Imagínate partir un tren con alguien a quien quieres a bordo. Un tren que sientes que se va lejos. Mucho más de lo que a ti te gustaría, aunque no vaya más que a doblar una esquina. O a seguir la fiesta a otra parte, mientras tú crees que no debes continuar, que a la mañana siguiente debes empezar a hacer cosas que te hagan sentir algo más responsable de lo que eres en realidad.
¿Y qué haces?
Te das la vuelta y no miras atrás, aunque no quisieras haber dejado de mirar en aquella dirección.
Y llegas a tu agujero y la única manera que tienes de vivir lo que no has podido vivir es escribir. Escribirte. Con el miedo de que no entiendan lo que quieres decir.
Y te duermes solo y frío. Tan frío... Cuando solamente querrías un abrazo más, mezcla de protección y evasión, mientras acariciases tu cara sobre su hombro. Y besaras su omóplato. Y luego su mejilla.
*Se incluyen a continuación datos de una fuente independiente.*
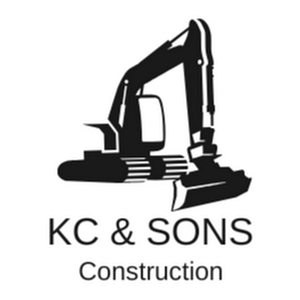 KC & Sons Excavation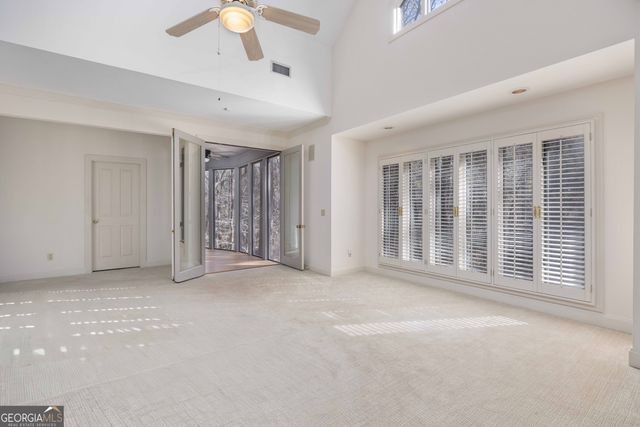 4 Mountain Ridge Court, Columbus, GA 31904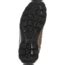 Wolverine Durbin Waterproof 6in Steel-Toe Work Boot - Mens — CampSaver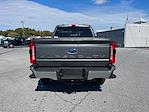 New 2026 Ford F-350 XLT Crew Cab 4WD SRW Pickup for sale #F31583 - photo 2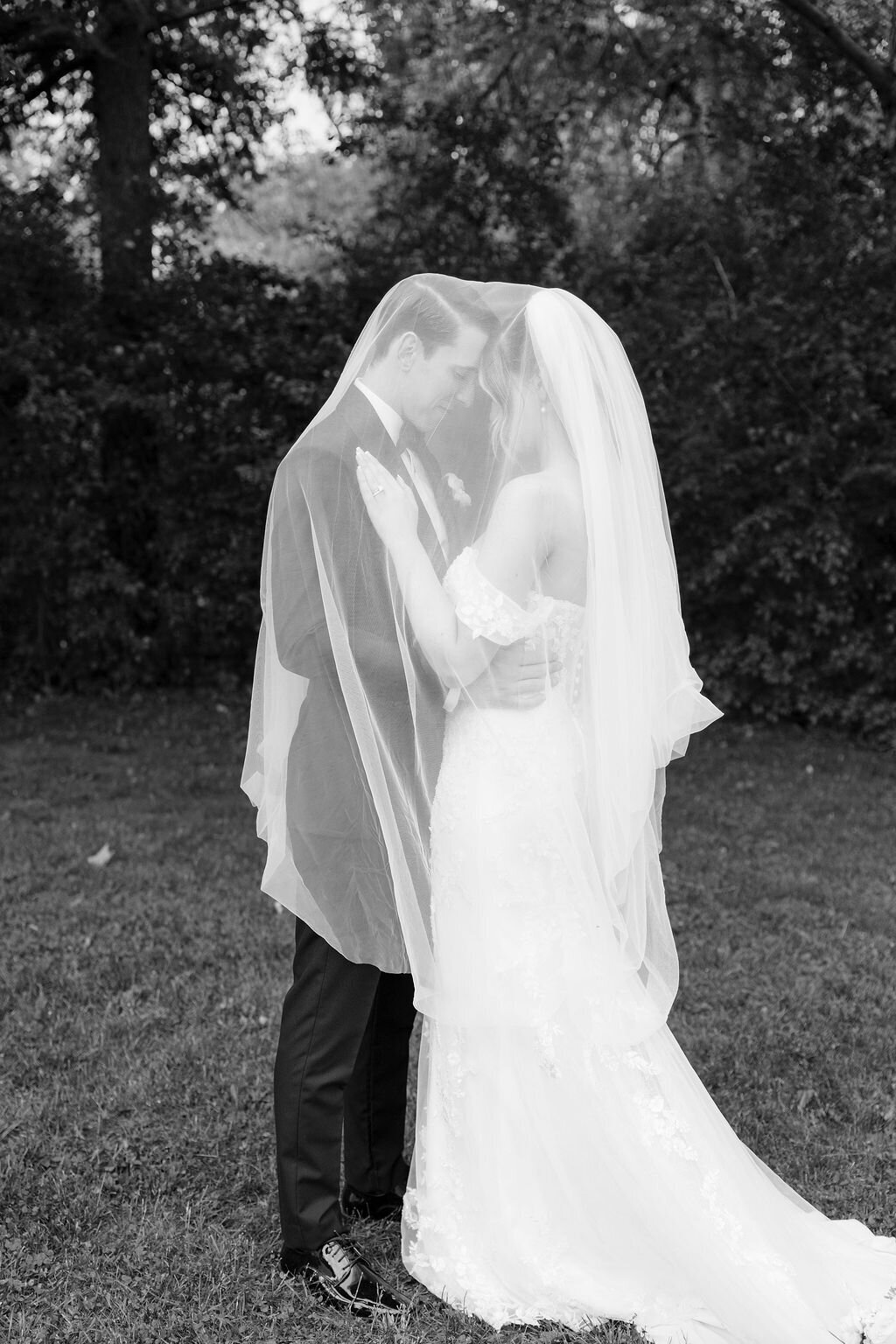 Nicole&LucasWedding-1010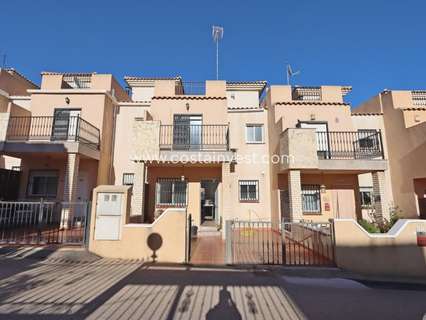 Casa en venta en Orihuela zona Orihuela-Costa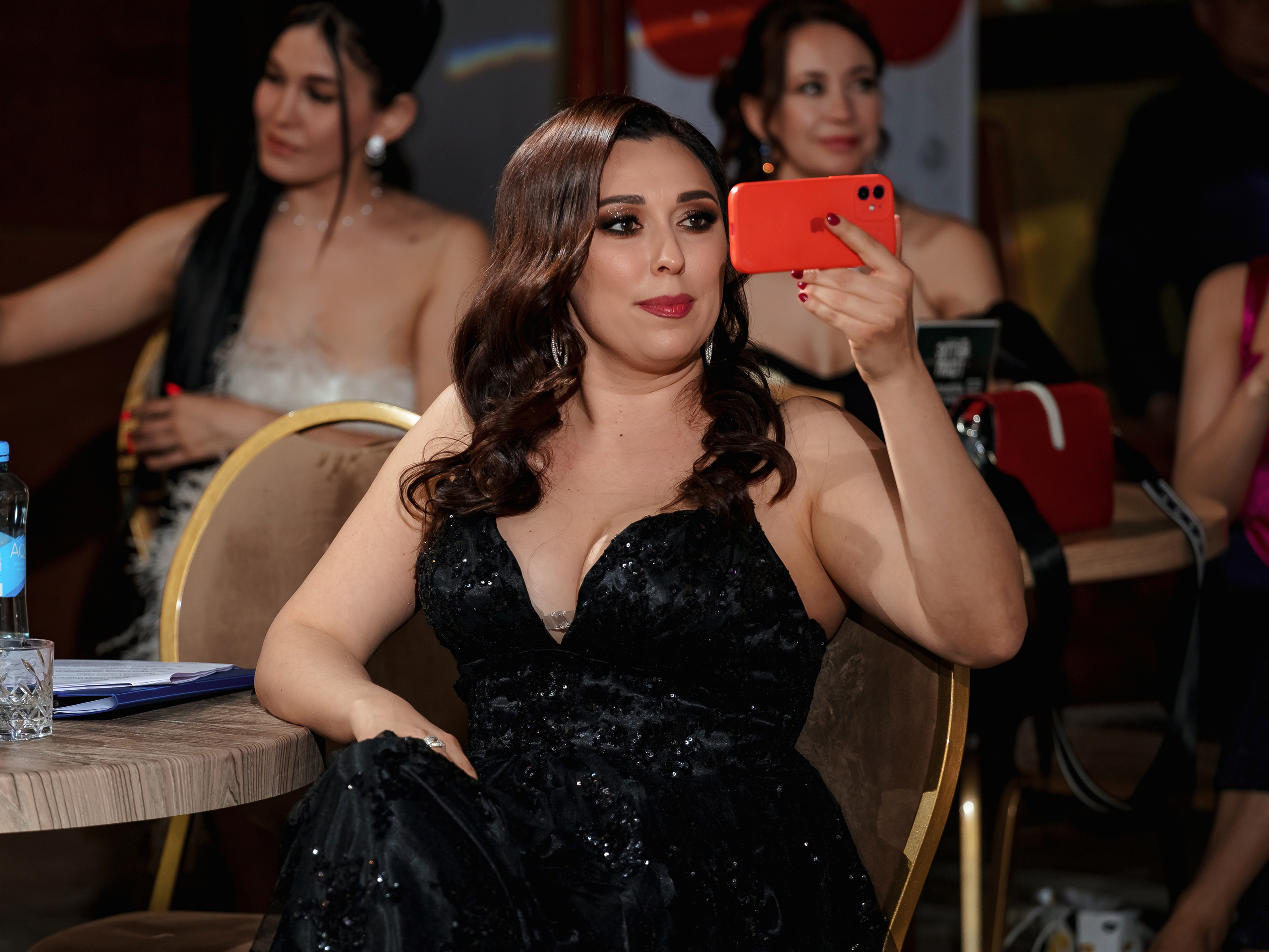 Фотограф на мероприятие. Свадебный репортажный и фуд фотограф в Барнауле Гайфулин Виталий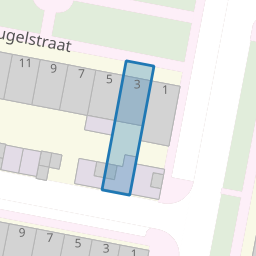 Perceel SKN00-L-1548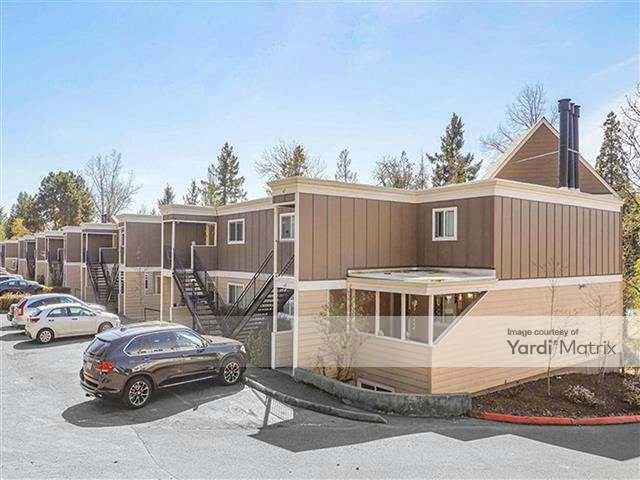 8585 SW Canyon Lane 97225, Portland, OR, West Slope Terrace 50668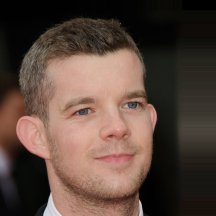 Russel Tovey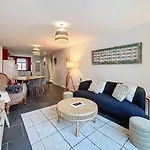 Centre Maison 3 Chb Villa *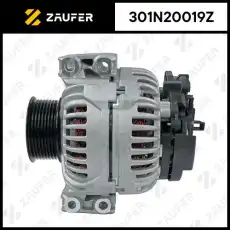 Генератор ZAUFER 301N20019Z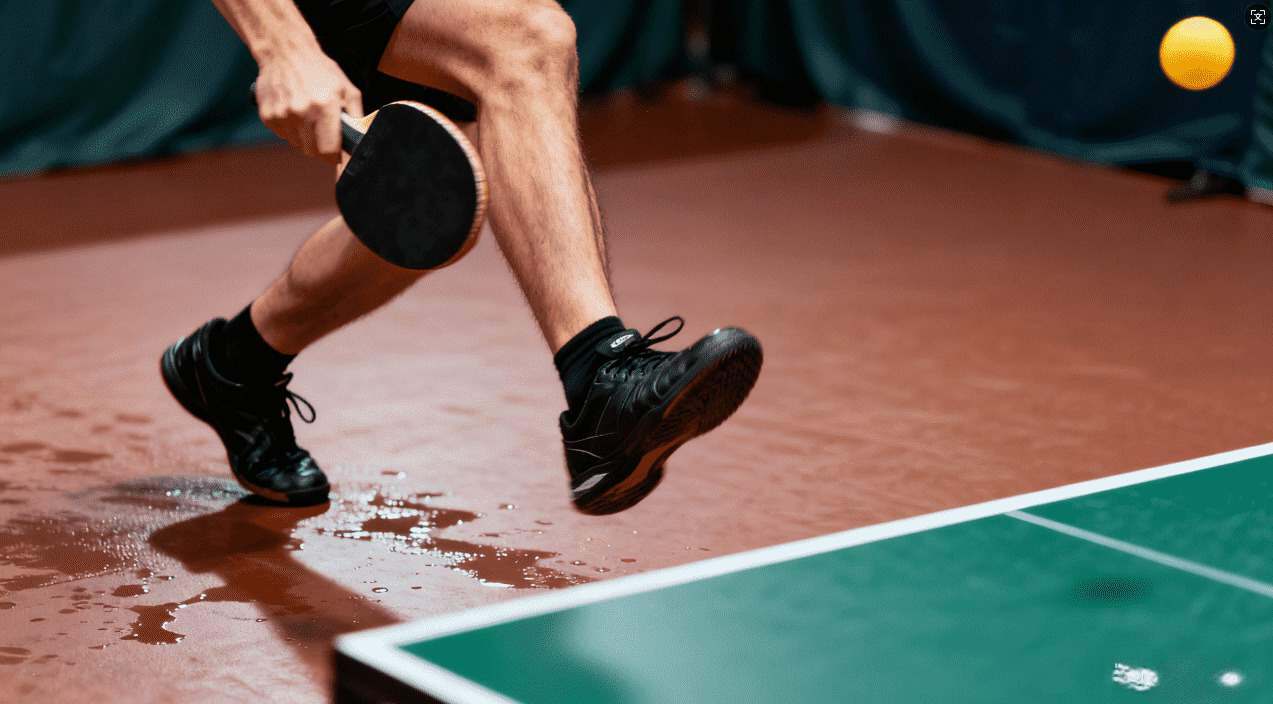 设计师如何开拓自身的思维和创作能力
Y te apretaras contra su espalda, muy fuerte, como si al dejar de hacerlo todo se fuera a desmoronar. Y, dulcemente, te durmieras rozando su vientre, con la sensación de que aquello, de alguna manera, no acabaría nunca. Por mucho que amaneciera.
Pero no. Los cuentos de hadas nunca dicen la verdad.
Y así acabas: añorándolo todo mientras el alcohol te mece en la cama, aún borracho y con los oídos zumbándote con las sevillanas infernales del mejor garito de la manzana.
Mira, yo no soy nada. Y si fuese algo, dejaría de serlo por ti.